* [WHAT TO DO]:
Transcribe the full listing below, word for word, without pictures.

* [COLLECTED MATERIAL]:
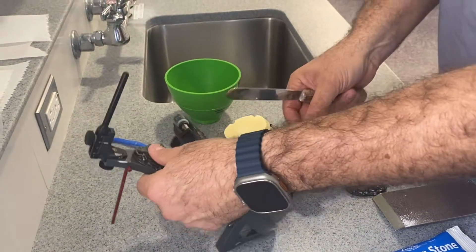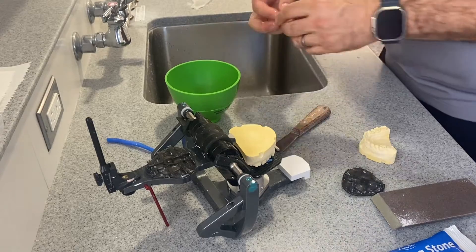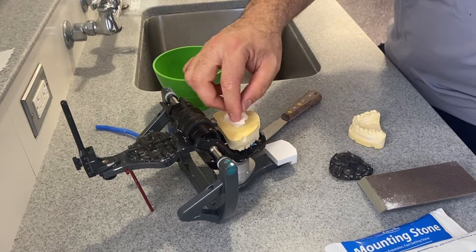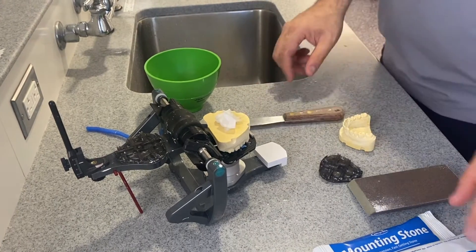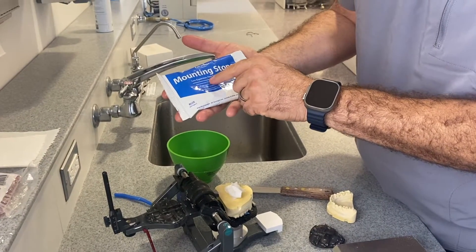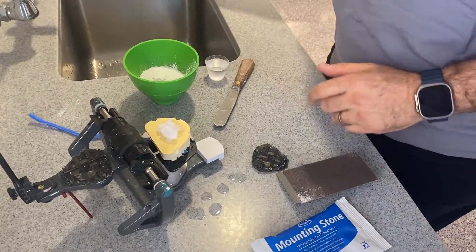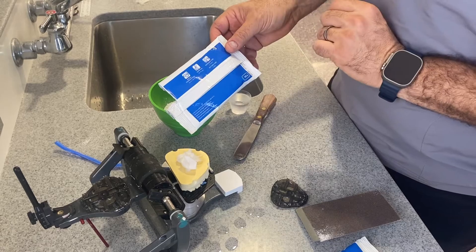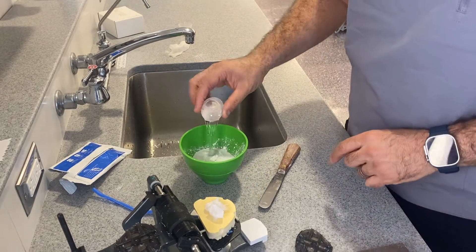When we mount the upper, a very important thing is we need to wet this surface. If I don't wet that surface, the mounting stone is going to absorb my mixing. This is a low expansion, fast setting stone. It says 26 milliliters per 100 grams. This is 100 grams, so pretty much one of these cups is about 26 milliliters.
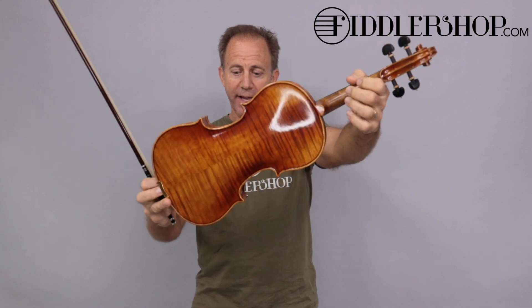Hey Michael, I have three instruments for your comparison. The first one is this Holstein Workshop Soil Violet, Strad Soil.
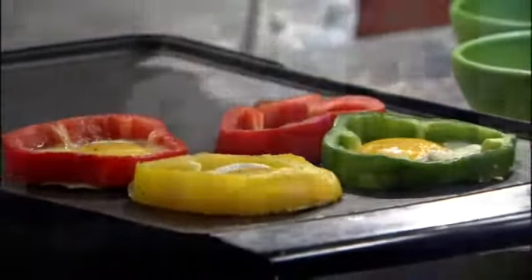What if I told you you could have pizza for breakfast without the dough? Chef John McCormack is here. Thank you for being here. Good to see you again. Glad to be back.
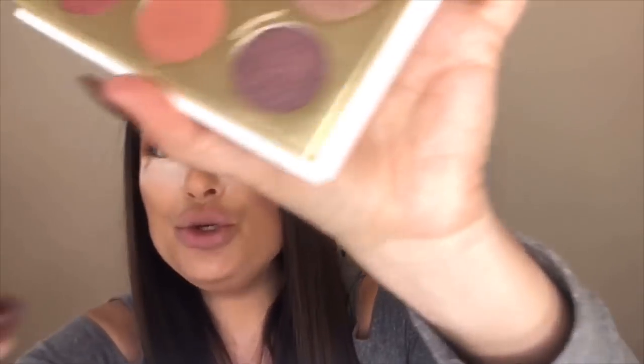Now I want to deepen out that crease even more and add more intensity using this color called 'Confident.' We're really getting that deeper crease color I was wanting. There is quite a bit of fallout, especially with these shimmer shades, but that's not a big issue because I bake beforehand — I'll just wipe that away and you'll see how easy it is to dust off without leaving any marks or streaks.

* [RESPONSE AREA]:
When we mount the upper, a very important thing is we need to wet this surface. If I don't wet that surface, the mounting stone is going to absorb my mixing. This is a low expansion, fast setting stone. It says 26 milliliters per 100 grams. This is 100 grams, so pretty much one of these cups is about 26 milliliters.
Hey Michael, I have three instruments for your comparison. The first one is this Holstein Workshop Soil Violet, Strad Soil.
What if I told you you could have pizza for breakfast without the dough? Chef John McCormack is here. Thank you for being here. Good to see you again. Glad to be back.
Now I want to deepen out that crease even more and add more intensity using this color called 'Confident.' We're really getting that deeper crease color I was wanting. There is quite a bit of fallout, especially with these shimmer shades, but that's not a big issue because I bake beforehand — I'll just wipe that away and you'll see how easy it is to dust off without leaving any marks or streaks.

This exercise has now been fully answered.